## EXERCISE PROMPT
Write out the records below from the first line through the line containing "#LTKmomlife #LTKWorkwear #LTKTravel", leaving out any pictures.

[Saved entries]
--------

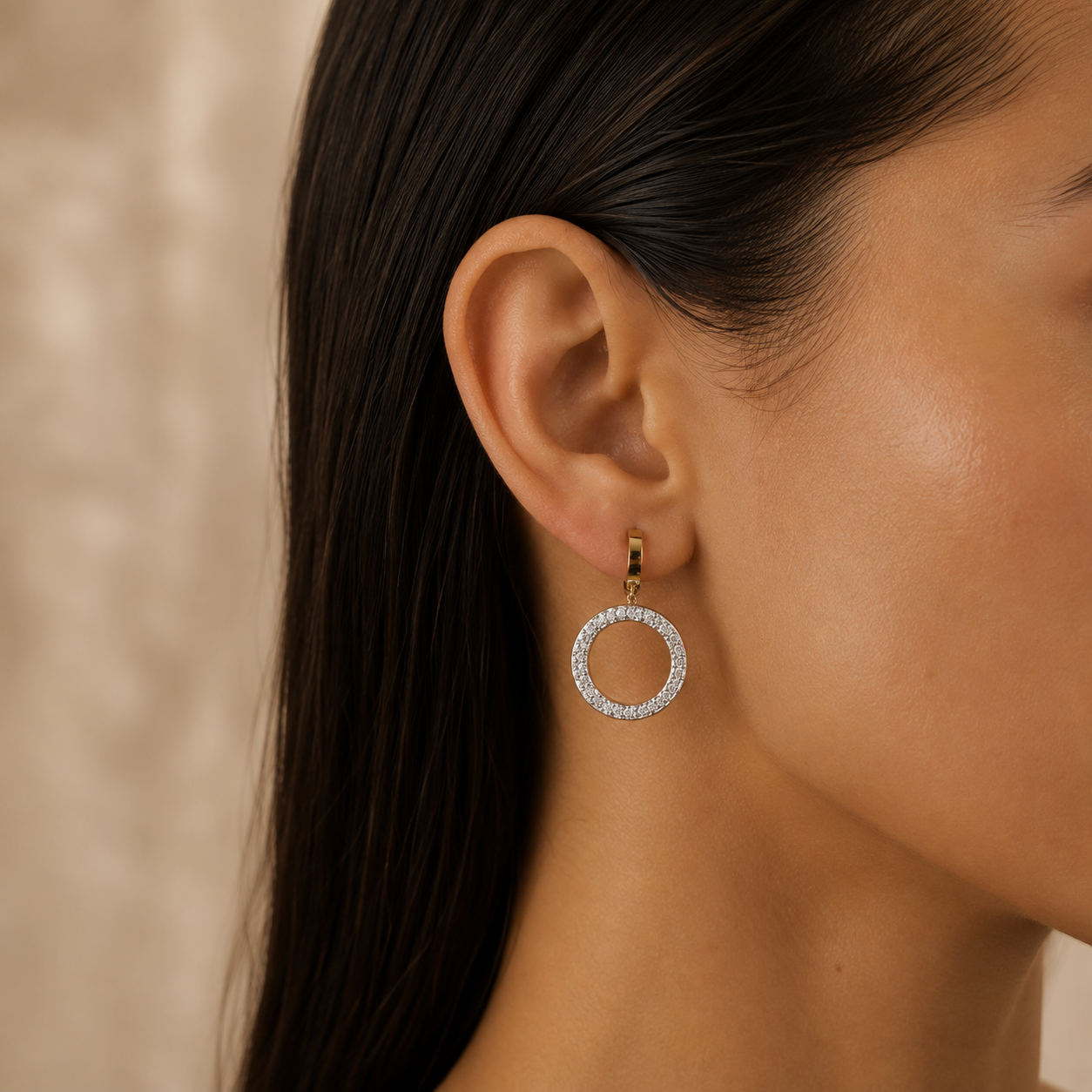 PM032G – Gold Circle Drop Pavé Minđuše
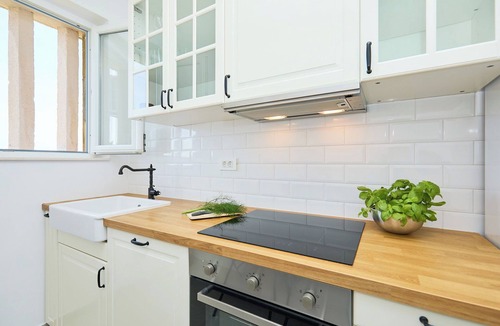 Gornji Kono Apartment | Evergreen Escape - One Bedroom Apartment, Sleeps 4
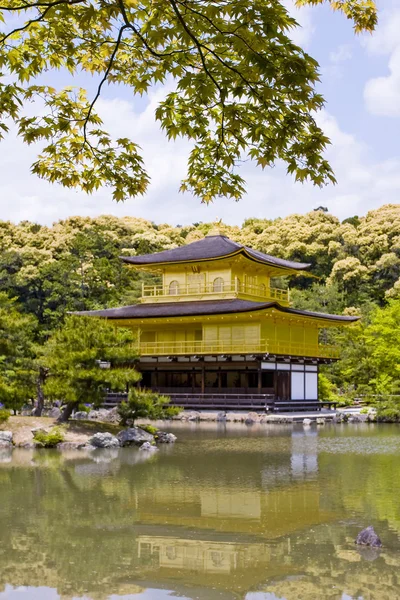 Templo Kinkakuji (El Pabellón de Oro) en Kyoto, Japón — Foto de Stock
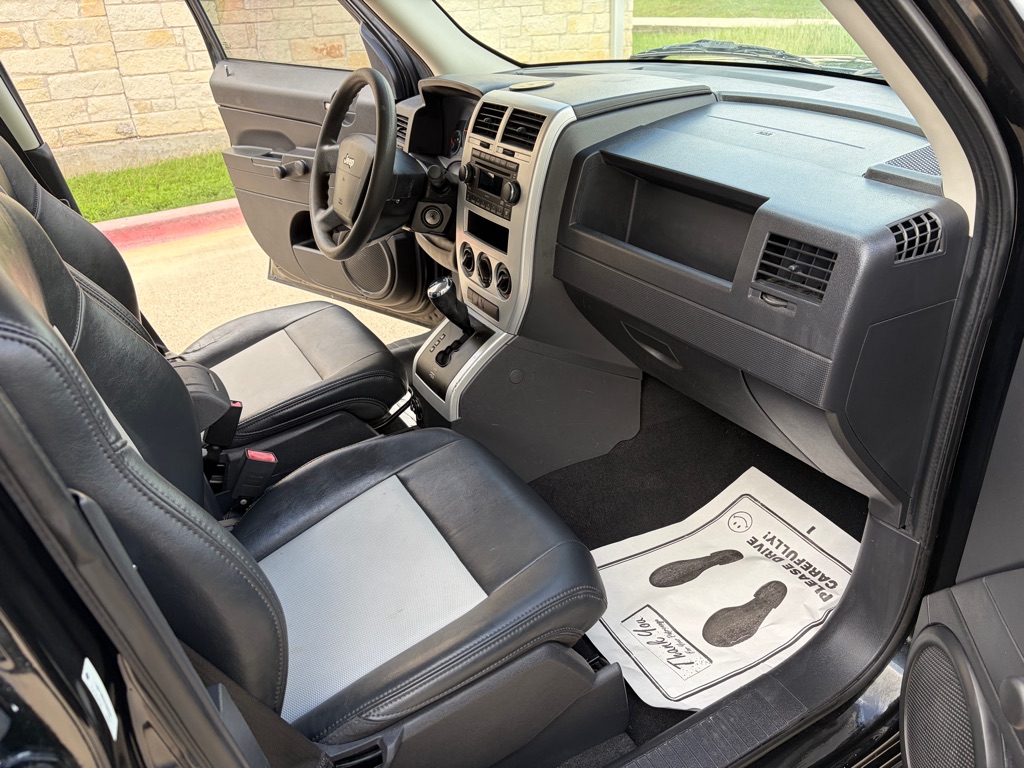 Photo 5 of this JEEP PATRIOT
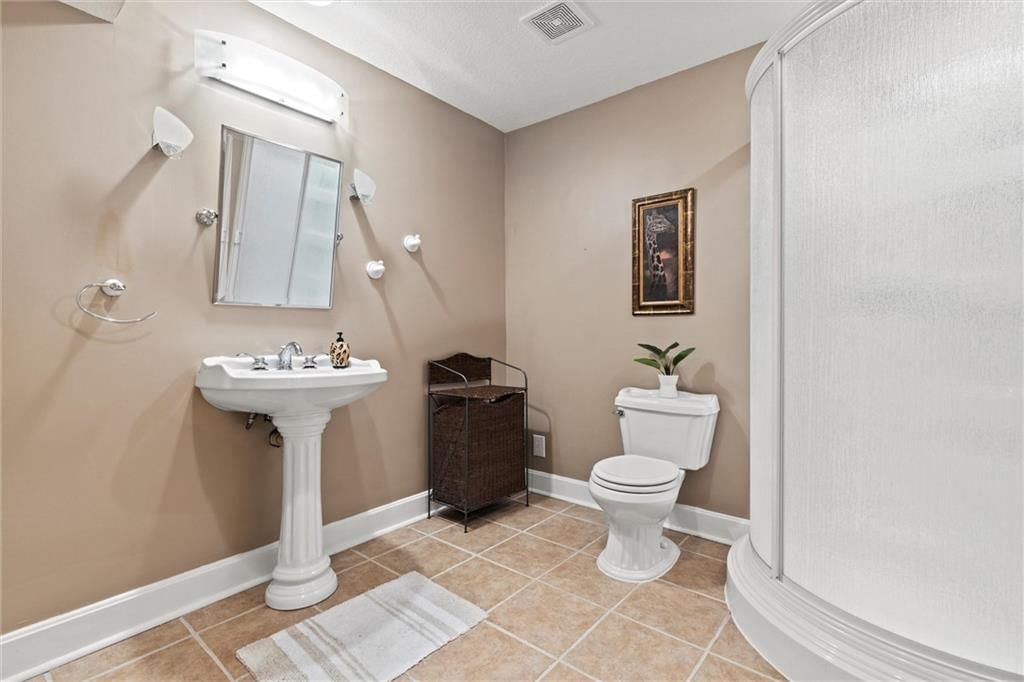 603 Ridgewood Drive — photo 37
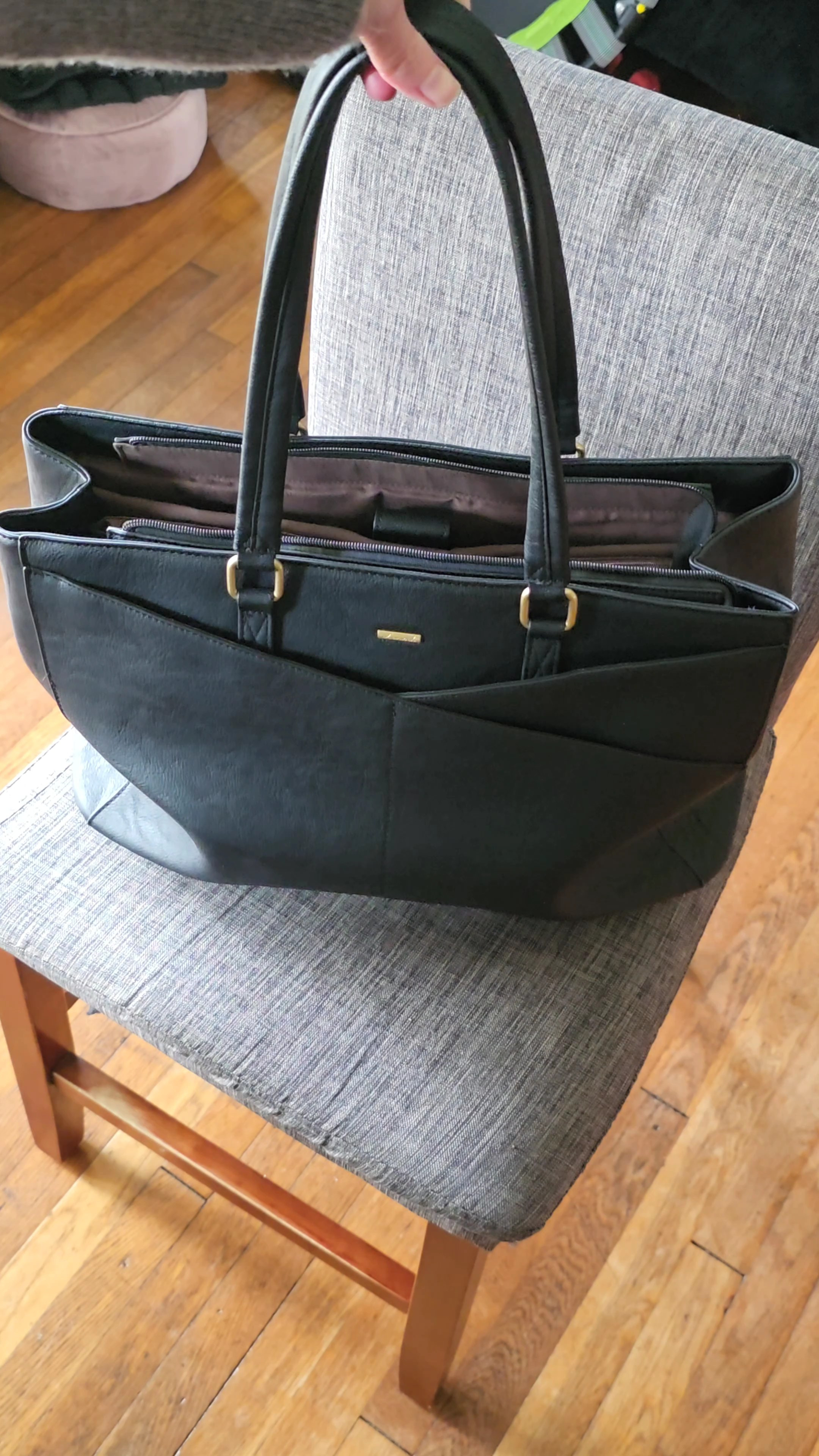 The perfect everyday bag

#LTKmomlife #LTKWorkwear #LTKTravel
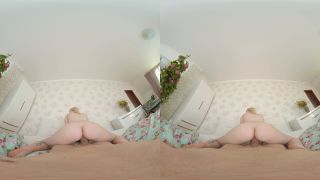 Julia Cute - Instant Mood Improvement - Czech VR 799-2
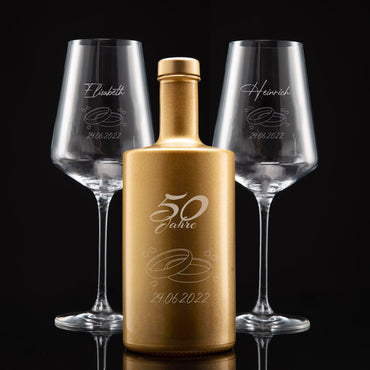 Geschenkidee für Goldene Hochzeit: Goldene Flasche mit zwei Gläsern im Set (personalisiert durch Gravur)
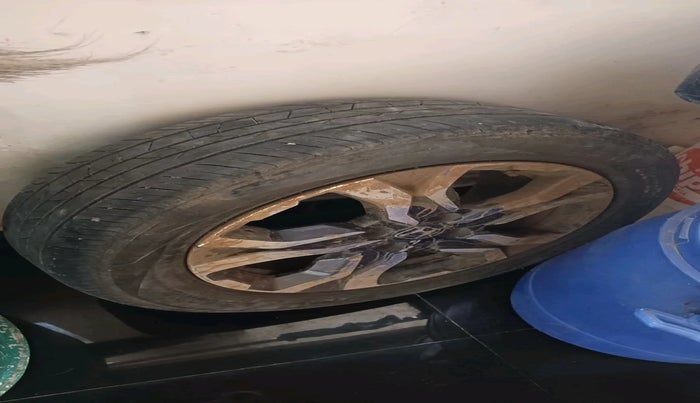 2017 Honda WR-V 1.2L I-VTEC VX MT, Petrol, Manual, 47,563 km, tyre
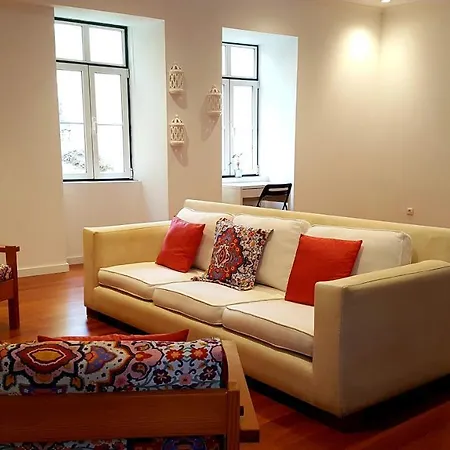 Ly's House In * リスボン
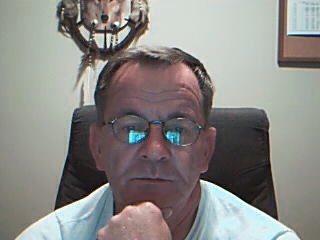 Date this tall United States man David from Brooklet US3137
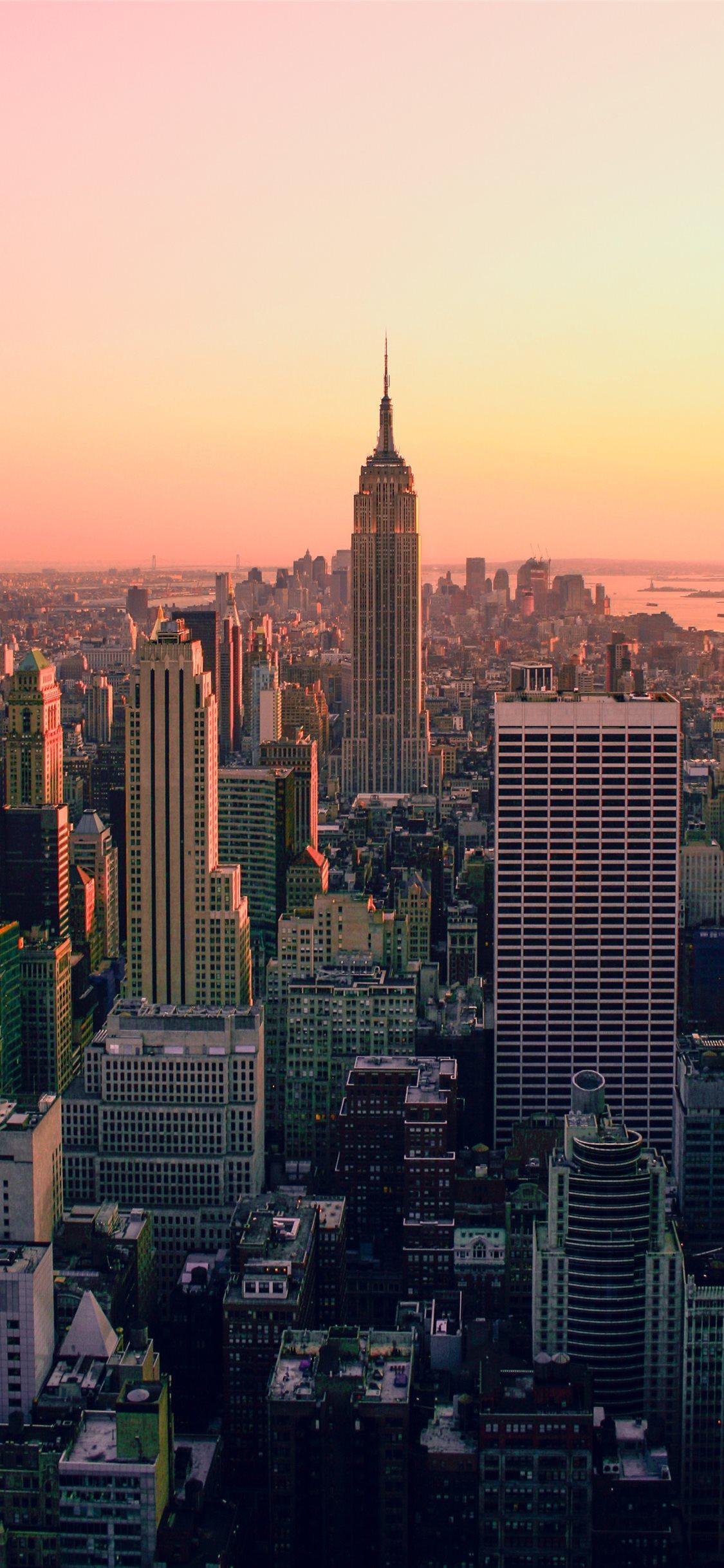 1125x2436 Pink New York City Sunset Wallpaper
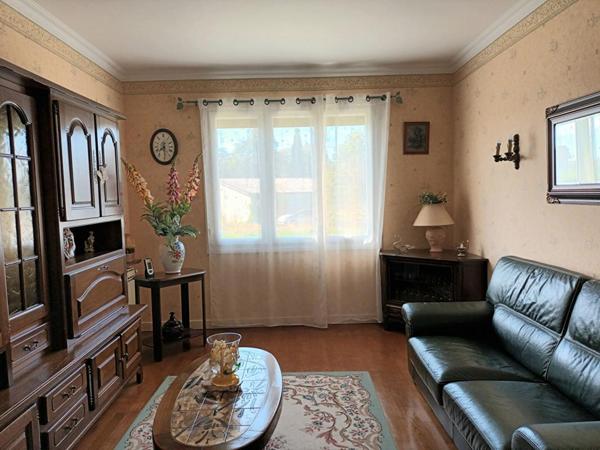 Maison  4 pièce(s) 97 m2 sur sous sol semi enterré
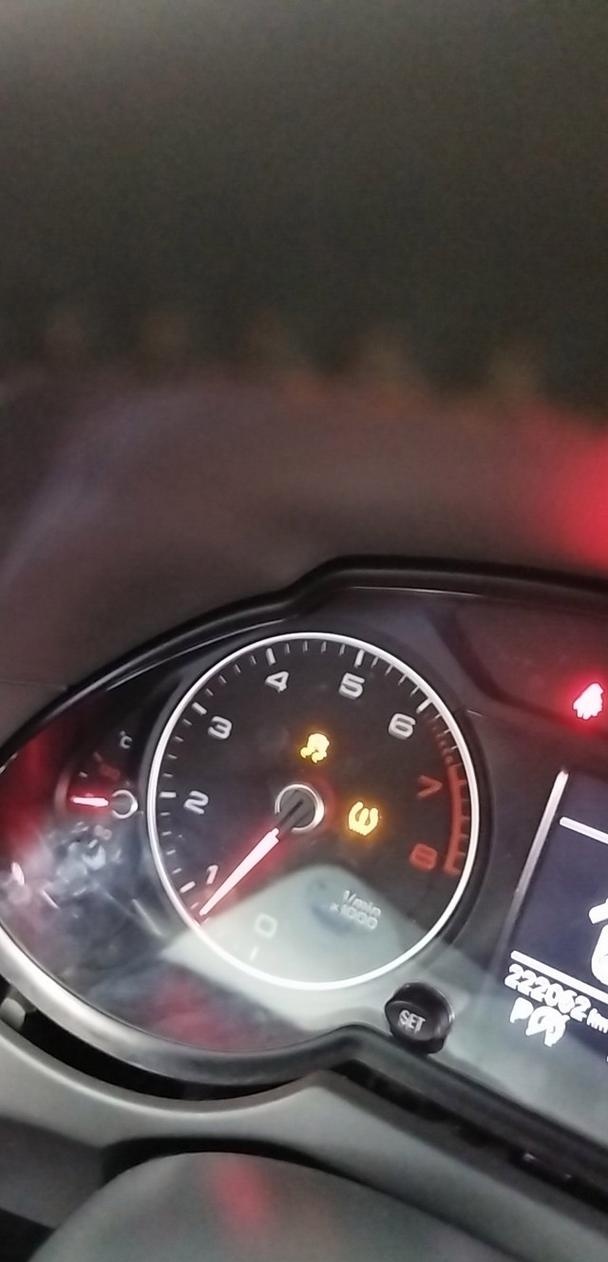 若防侧滑灯意外亮起,这可能意味着系统存在故障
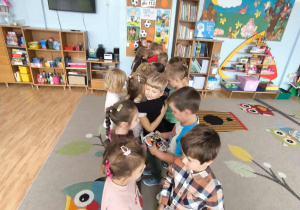 Dziewczynki wręczają prezenty chłopcom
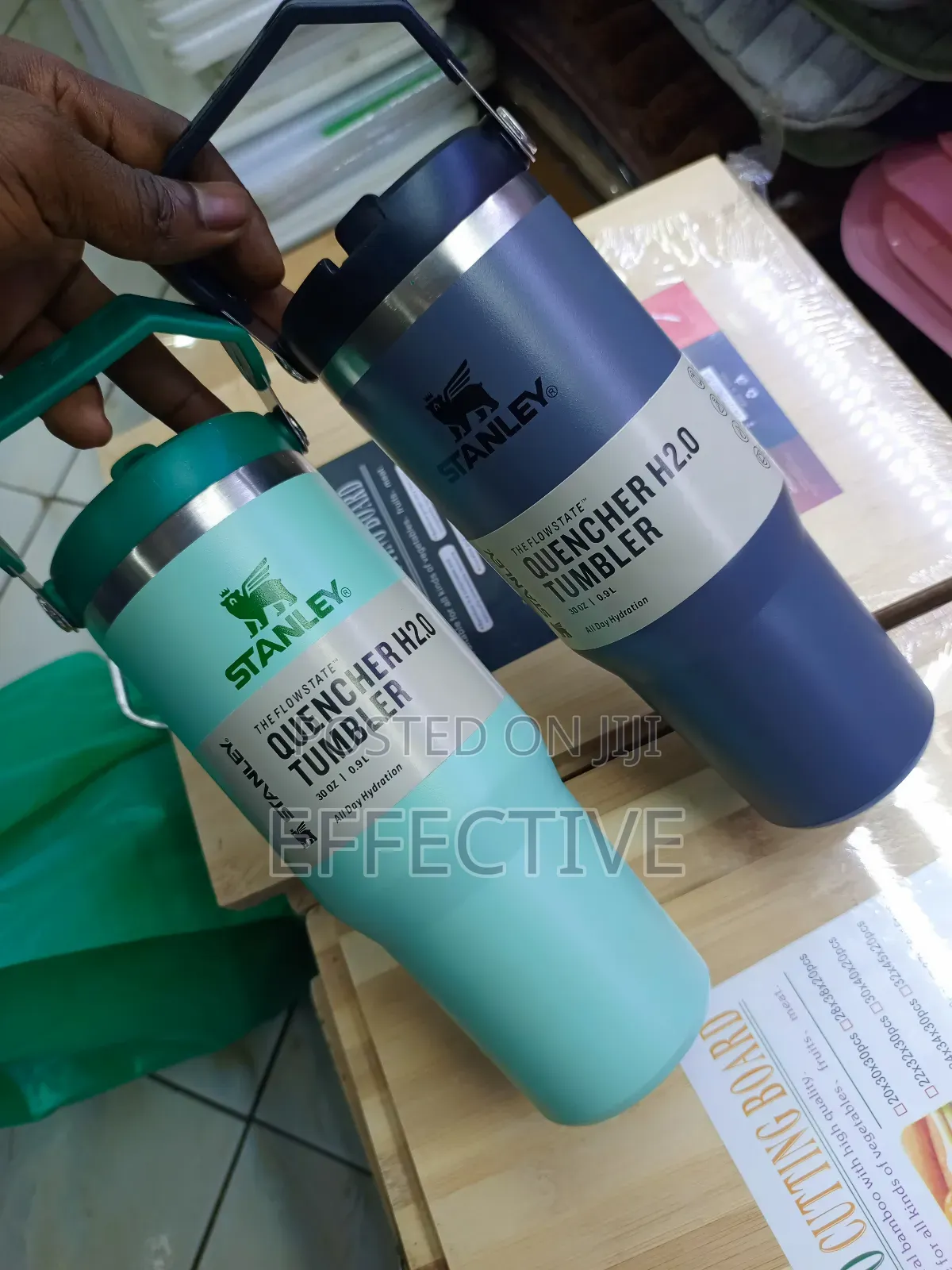 30oz/900ml Stanley Quencher H2.0 Flowstate Tumbler.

--------

## ANSWER FOR THIS EXERCISE
 PM032G – Gold Circle Drop Pavé Minđuše
 Gornji Kono Apartment | Evergreen Escape - One Bedroom Apartment, Sleeps 4
 Templo Kinkakuji (El Pabellón de Oro) en Kyoto, Japón — Foto de Stock
 Photo 5 of this JEEP PATRIOT
 603 Ridgewood Drive — photo 37
 The perfect everyday bag

#LTKmomlife #LTKWorkwear #LTKTravel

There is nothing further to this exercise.